2020-03-28 13:00:03

by Rafael J. Wysocki

[permalink] [raw]
Subject: [PATCH 0/2] cpufreq: intel_pstate: Run in the passive mode by default on systems without HWP

Hi All,

These two patches modify the intel_pstate driver to run in the passive mode by
default on systems without HWP (refer to the changelog of patch [2/2] for the
motivation part).

Internal testing of the system performance in 5.6-rc indicates that the
difference between the active mode with the powersave scaling algorithm and the
passive mode with the schedutil governor should be negligible for the majority
of users, so it should be safe to change the default behavior of the driver as
per the above.

Patch [1/2] makes changes to select the schedutil governor and set it as the
default one when intel_pstate is selected in Kconfig.

Patch [2/2] changes intel_pstate to start in the passive by default if HWP is
not supported (or if it is disabled via the kernel command line).

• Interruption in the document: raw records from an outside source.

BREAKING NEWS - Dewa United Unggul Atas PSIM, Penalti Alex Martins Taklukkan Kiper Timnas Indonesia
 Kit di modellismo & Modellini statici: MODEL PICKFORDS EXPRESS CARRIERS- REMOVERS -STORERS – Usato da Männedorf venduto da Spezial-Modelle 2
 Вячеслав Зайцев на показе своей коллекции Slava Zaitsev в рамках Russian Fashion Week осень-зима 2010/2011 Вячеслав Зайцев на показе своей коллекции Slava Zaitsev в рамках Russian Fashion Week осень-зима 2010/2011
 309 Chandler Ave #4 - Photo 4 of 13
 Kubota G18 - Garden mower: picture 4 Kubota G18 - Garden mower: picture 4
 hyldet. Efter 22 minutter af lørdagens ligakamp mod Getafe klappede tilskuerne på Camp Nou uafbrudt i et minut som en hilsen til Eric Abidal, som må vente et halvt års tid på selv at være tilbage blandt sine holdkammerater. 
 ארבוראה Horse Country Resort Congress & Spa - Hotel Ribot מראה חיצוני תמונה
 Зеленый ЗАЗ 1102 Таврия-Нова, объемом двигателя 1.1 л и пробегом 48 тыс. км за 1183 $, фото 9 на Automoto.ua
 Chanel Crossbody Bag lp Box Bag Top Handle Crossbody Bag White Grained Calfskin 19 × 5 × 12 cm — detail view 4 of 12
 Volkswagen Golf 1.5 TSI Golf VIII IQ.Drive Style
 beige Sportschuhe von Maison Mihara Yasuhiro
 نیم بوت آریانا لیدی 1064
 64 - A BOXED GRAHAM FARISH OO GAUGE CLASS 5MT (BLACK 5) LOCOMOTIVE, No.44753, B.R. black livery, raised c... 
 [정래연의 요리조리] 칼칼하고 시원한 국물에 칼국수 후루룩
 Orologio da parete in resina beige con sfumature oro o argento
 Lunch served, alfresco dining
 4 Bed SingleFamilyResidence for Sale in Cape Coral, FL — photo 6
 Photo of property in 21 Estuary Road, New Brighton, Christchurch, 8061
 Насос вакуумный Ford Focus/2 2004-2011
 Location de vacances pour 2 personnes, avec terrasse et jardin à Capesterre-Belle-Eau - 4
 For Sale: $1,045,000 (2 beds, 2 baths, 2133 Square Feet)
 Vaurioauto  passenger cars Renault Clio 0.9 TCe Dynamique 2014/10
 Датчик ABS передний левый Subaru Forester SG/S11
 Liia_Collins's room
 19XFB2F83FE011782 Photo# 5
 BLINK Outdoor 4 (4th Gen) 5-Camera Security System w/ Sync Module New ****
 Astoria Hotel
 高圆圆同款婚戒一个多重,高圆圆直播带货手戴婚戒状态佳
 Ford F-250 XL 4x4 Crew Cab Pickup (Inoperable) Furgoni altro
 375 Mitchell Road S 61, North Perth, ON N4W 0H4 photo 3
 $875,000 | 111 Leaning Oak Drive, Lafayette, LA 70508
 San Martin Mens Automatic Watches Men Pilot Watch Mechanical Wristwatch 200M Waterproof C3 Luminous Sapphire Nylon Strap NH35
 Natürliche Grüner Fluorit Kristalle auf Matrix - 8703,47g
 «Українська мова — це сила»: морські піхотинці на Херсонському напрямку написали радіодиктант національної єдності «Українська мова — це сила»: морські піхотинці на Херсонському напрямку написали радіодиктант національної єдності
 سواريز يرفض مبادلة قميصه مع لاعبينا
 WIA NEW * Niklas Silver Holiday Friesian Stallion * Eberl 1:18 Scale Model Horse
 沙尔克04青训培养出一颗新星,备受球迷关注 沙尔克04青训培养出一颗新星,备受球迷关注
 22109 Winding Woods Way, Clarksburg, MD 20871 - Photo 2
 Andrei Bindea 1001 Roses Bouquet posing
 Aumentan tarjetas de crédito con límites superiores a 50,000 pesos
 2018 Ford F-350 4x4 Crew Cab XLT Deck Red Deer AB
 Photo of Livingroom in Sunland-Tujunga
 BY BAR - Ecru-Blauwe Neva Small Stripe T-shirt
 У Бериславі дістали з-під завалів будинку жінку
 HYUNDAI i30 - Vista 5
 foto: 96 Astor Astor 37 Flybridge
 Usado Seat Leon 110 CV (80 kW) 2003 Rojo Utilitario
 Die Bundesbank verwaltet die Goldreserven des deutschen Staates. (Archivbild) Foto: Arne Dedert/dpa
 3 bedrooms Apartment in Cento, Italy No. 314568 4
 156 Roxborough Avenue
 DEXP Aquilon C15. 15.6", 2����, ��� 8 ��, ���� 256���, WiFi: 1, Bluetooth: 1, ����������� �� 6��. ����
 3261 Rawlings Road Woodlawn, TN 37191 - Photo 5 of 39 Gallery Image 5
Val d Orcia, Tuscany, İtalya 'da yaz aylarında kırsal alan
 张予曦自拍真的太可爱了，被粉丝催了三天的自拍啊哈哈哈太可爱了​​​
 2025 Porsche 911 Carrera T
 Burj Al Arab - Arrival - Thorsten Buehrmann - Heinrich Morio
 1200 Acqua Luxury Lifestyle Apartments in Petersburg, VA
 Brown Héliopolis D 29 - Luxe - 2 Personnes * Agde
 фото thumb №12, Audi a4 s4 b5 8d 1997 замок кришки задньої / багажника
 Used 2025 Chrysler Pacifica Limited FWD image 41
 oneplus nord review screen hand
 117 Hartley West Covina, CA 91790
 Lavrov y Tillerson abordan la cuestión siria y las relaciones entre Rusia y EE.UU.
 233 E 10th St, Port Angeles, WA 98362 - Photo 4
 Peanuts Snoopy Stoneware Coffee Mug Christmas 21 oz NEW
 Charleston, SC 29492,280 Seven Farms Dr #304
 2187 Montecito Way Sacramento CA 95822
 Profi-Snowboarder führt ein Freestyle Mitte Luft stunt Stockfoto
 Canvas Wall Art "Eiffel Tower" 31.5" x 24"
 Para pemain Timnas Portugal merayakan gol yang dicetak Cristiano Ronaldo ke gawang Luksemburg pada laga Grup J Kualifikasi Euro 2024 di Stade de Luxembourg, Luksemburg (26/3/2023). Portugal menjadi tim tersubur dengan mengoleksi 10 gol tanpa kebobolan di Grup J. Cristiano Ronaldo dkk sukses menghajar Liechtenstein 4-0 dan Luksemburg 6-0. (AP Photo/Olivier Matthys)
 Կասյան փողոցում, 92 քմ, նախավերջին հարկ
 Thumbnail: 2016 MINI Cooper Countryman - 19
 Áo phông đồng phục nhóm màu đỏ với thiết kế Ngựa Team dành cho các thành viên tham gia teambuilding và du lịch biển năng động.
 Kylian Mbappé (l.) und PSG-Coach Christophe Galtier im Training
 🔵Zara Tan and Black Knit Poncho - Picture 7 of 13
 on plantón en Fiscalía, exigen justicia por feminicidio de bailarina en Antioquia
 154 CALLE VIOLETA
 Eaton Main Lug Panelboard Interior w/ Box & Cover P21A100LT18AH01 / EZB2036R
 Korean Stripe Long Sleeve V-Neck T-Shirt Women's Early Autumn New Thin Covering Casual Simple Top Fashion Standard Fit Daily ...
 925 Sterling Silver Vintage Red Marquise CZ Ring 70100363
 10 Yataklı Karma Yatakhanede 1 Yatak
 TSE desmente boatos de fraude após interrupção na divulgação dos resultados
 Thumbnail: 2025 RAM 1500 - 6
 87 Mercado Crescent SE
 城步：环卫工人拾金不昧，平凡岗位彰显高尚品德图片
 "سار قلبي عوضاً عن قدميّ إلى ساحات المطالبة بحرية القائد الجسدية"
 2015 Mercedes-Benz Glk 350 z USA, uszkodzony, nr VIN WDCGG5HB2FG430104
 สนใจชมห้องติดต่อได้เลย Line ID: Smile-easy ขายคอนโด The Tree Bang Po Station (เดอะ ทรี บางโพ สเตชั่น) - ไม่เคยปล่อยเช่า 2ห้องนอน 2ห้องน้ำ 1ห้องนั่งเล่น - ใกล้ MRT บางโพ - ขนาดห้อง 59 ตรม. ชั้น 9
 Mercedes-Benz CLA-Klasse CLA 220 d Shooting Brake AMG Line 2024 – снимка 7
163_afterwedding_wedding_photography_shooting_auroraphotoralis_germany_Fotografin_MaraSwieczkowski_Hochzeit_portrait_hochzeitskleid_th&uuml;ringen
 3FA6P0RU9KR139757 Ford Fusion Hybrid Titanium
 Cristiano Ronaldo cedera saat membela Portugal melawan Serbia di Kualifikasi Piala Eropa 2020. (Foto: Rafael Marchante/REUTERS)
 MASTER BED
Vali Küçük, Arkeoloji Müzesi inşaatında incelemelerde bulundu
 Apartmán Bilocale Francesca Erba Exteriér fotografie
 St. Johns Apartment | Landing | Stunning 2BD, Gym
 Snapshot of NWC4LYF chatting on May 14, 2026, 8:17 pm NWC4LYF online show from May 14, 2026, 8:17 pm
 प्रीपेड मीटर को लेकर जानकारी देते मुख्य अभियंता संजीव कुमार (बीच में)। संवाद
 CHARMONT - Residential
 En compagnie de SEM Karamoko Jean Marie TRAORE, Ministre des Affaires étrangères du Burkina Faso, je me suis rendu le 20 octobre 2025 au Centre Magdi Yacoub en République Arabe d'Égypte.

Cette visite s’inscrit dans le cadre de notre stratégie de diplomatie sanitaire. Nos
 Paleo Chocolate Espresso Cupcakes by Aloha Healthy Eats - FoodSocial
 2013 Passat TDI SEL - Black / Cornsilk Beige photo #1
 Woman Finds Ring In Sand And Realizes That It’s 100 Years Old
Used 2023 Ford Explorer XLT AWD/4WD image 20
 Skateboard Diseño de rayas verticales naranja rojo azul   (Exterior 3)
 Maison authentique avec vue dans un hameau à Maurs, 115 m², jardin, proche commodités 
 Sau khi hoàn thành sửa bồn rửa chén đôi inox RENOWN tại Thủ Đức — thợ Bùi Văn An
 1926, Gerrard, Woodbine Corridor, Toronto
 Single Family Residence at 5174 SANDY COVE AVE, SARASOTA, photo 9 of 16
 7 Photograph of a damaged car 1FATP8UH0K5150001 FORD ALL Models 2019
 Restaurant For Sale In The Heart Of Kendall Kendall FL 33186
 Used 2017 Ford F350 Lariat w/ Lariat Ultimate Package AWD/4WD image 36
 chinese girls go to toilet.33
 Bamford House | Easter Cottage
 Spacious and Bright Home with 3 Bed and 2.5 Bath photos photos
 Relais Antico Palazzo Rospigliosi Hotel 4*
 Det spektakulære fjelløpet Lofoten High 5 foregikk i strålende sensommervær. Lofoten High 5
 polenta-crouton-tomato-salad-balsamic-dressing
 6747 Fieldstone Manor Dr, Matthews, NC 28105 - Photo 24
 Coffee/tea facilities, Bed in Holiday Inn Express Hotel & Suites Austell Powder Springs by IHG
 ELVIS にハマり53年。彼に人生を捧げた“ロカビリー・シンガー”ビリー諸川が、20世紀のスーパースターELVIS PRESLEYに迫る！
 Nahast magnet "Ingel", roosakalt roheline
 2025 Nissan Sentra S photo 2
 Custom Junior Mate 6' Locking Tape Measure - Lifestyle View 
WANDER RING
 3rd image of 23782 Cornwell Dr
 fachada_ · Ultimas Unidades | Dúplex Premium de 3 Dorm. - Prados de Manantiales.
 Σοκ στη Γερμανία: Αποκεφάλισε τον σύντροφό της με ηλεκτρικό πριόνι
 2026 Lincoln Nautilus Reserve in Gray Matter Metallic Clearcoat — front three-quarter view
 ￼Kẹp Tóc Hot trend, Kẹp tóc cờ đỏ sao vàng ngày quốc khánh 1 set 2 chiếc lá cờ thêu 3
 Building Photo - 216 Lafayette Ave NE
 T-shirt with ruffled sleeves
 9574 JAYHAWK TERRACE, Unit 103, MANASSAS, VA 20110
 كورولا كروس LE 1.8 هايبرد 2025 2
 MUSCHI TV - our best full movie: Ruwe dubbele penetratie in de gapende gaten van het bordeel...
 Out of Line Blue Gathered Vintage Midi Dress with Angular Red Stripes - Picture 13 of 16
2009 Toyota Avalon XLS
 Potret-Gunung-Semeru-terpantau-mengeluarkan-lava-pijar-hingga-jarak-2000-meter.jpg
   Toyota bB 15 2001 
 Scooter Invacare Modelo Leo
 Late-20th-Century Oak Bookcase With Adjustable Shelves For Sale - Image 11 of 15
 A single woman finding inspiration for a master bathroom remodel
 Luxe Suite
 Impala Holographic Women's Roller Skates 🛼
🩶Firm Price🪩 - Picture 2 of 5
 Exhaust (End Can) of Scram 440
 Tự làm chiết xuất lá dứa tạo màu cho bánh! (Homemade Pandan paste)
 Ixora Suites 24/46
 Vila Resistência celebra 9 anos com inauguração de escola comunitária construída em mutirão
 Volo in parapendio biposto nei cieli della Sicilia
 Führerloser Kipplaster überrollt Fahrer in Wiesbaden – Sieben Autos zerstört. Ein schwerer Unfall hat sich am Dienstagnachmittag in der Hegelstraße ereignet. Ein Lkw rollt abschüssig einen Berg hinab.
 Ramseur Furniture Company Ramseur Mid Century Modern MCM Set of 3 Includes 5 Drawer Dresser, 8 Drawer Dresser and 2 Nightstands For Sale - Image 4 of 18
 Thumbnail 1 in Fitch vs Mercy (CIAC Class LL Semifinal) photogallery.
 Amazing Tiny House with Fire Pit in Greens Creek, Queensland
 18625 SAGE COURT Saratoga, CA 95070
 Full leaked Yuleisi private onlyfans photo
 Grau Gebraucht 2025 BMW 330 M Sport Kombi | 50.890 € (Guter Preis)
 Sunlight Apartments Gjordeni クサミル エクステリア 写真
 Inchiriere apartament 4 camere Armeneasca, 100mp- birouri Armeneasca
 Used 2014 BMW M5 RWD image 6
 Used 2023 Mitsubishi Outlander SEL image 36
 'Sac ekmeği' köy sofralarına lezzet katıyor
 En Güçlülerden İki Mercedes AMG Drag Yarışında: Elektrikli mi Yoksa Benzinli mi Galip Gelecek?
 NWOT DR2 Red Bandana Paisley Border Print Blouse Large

Please refer to the patch changelogs for more information.

Thanks!




2020-03-28 13:00:55

by Rafael J. Wysocki

[permalink] [raw]
Subject: [PATCH 2/2] cpufreq: intel_pstate: Use passive mode by default without HWP

From: "Rafael J. Wysocki" <[email protected]>

After recent changes allowing scale-invariant utilization to be
used on x86, the schedutil governor on top of intel_pstate in the
passive mode should be on par with (or better than) the active mode
"powersave" algorithm of intel_pstate on systems in which
hardware-managed P-states (HWP) are not used, so it should not be
necessary to use the internal scaling algorithm in those cases.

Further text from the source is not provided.